How do you manage working around your children?

I have always been the breadwinner and have always worked full time. I still work full-time, but I was able to take my youngest in to the office with me on days that he wasn’t at pre-school meaning I was spending more time with him than I ever had before.

He has since started school and I have educated my clients to call ahead to make sure I am in the office before visiting which gives me the flexibility of doing the school run if I want to, even if it means bringing the kids back to the office for an hour or so to meet a deadline!

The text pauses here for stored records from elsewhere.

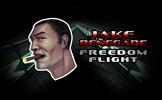 play Jake Renegade: Freedom Flight
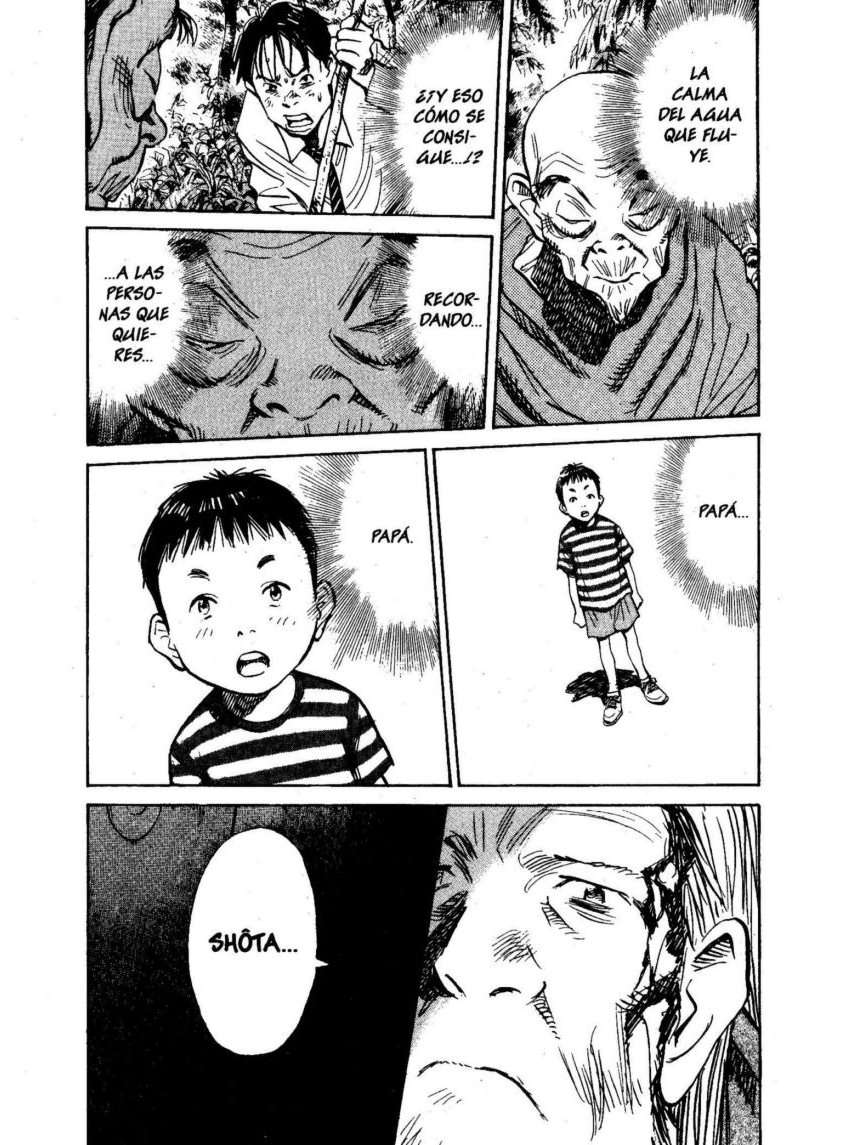 Read 20th Century Boys (ES) Manga Online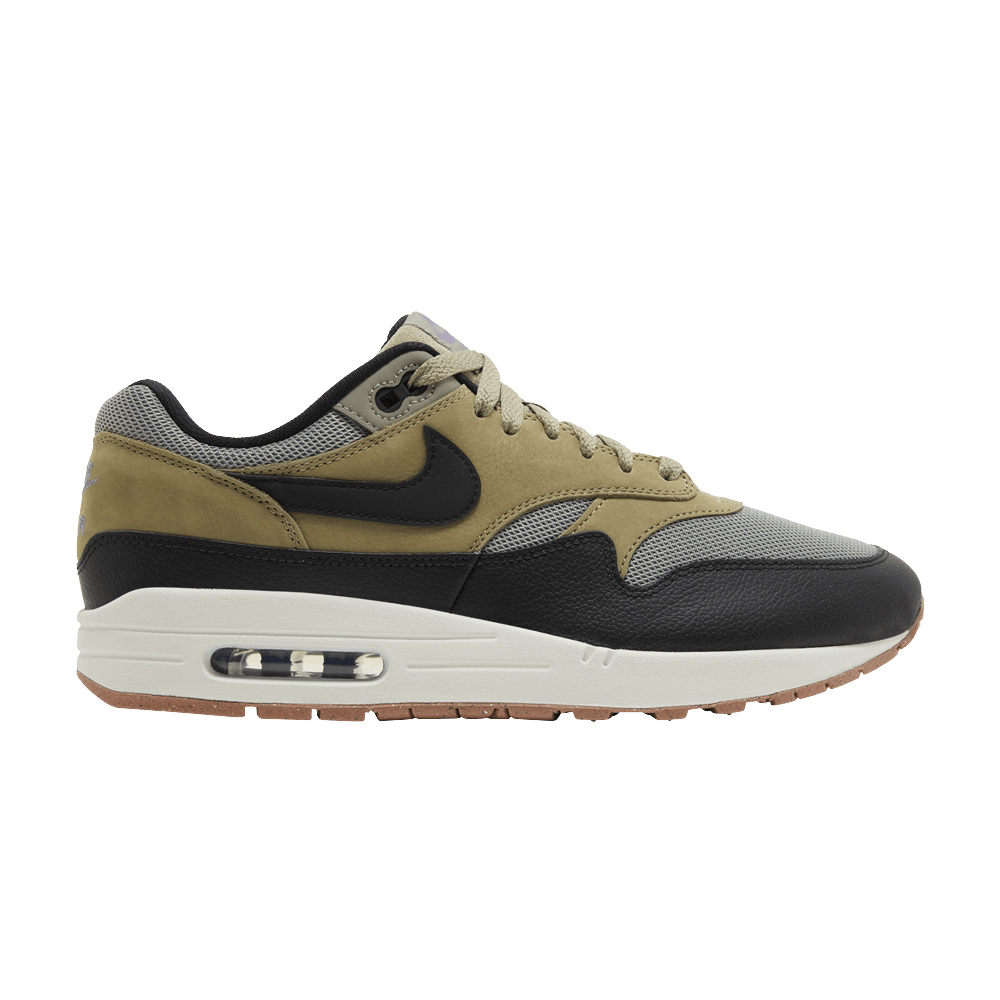 air-max-1-sc-dark-stucco-fb9660-003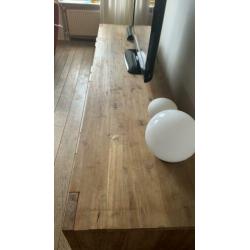 Dressoir/ tv meubel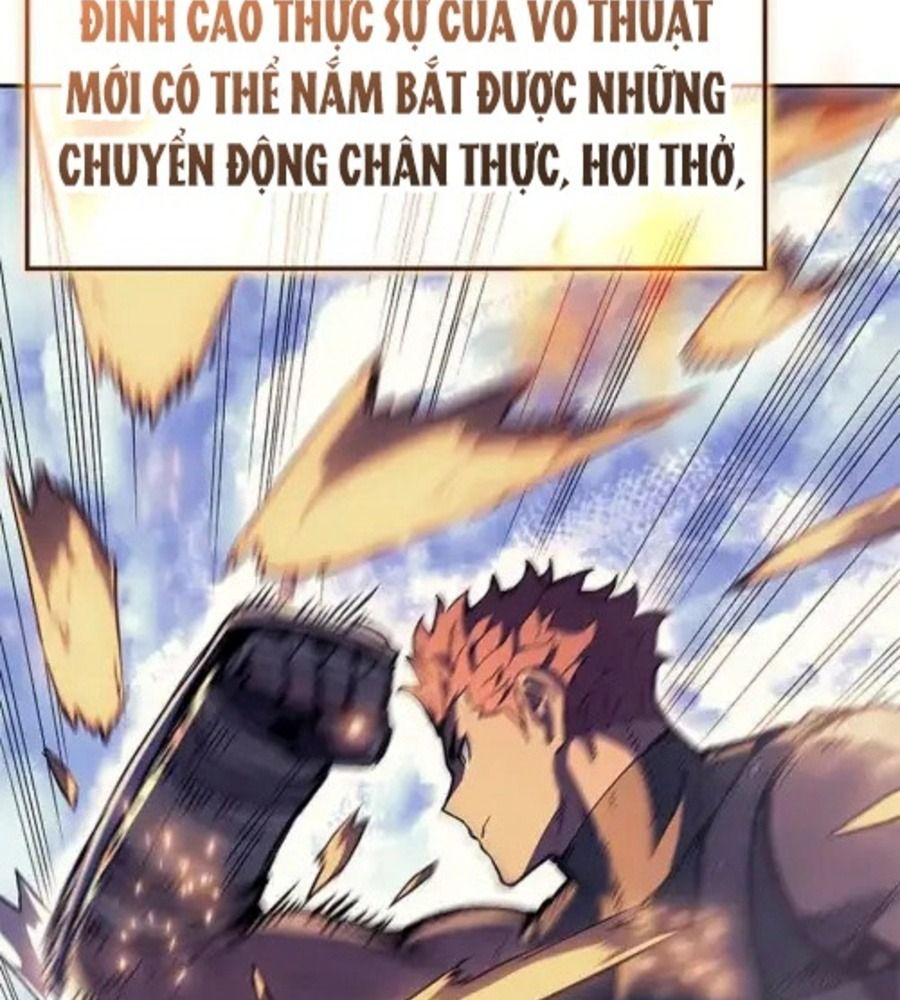 Võ Vương Tái Thế Chapter 27 - Trang 2
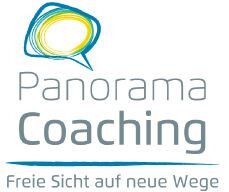 Panorama Coaching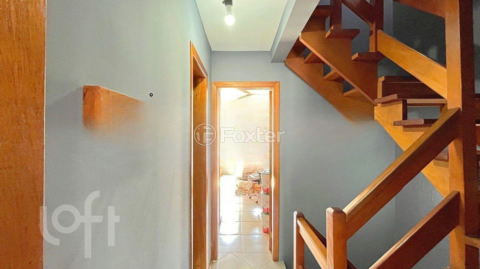 Image 37 - 990904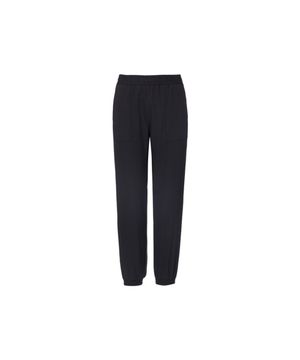 여성 플록스팬츠#4_1MQPNM3512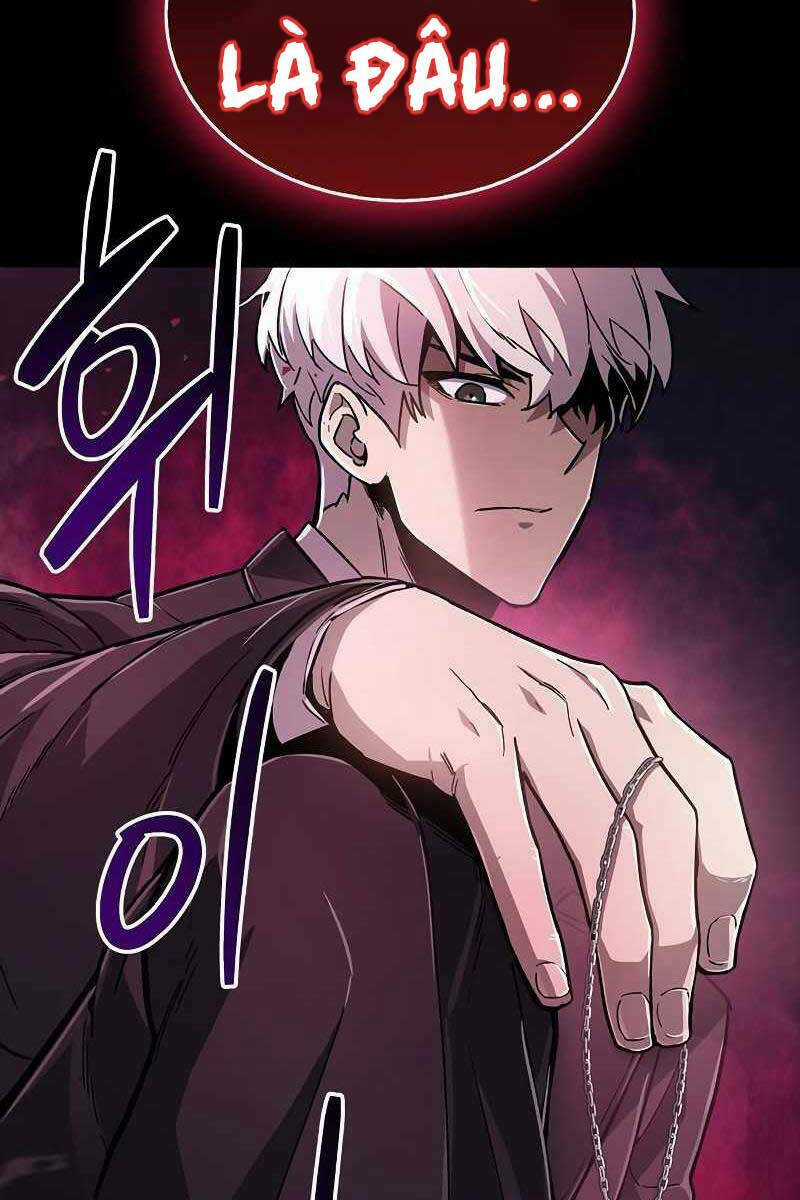 Người Chơi Che Giấu Quá Khứ Chapter 14 trang 25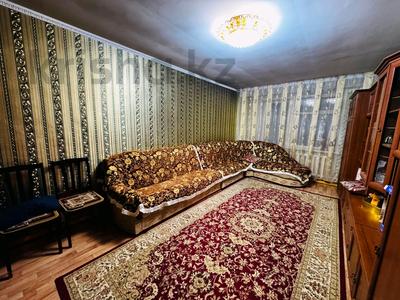 Отдельный дом · 5 комнат · 130 м² · 12 сот., Алтынсарина — Возле школы за 32 млн ₸ в Жамбыл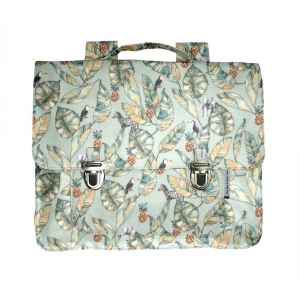 Cartable-paradizoo-mint-288824_BD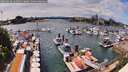 ./images/victoria/wharf/20260518/wharf20260518_142501M.jpg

I use a VOIP telephone number so when anyone phones the office it also dials my mobile, my laptop at home and my husbands mobile!

I have set up a remote desktop system so that I can access my data from anywhere as long as I have WIFI so that I can lock-up and go home after school pick up if I want to! Then if a client calls with anything urgent I can quickly remote-in from home and deal with it.

Can you describe a typical day, what tasks do you have to get done, how do you manage your time?

The beauty of my work is that I am dealing with a variety of people and businesses who all have different requirements so no two days are ever the same. In a typical day I normally have ‘work’ to do which may involve preparing a set of accounts and tax return, a payroll and a VAT return all in the same day! And as I am still growing my practice I try to do some social-media networking every day and I have meetings with prospective clients most days.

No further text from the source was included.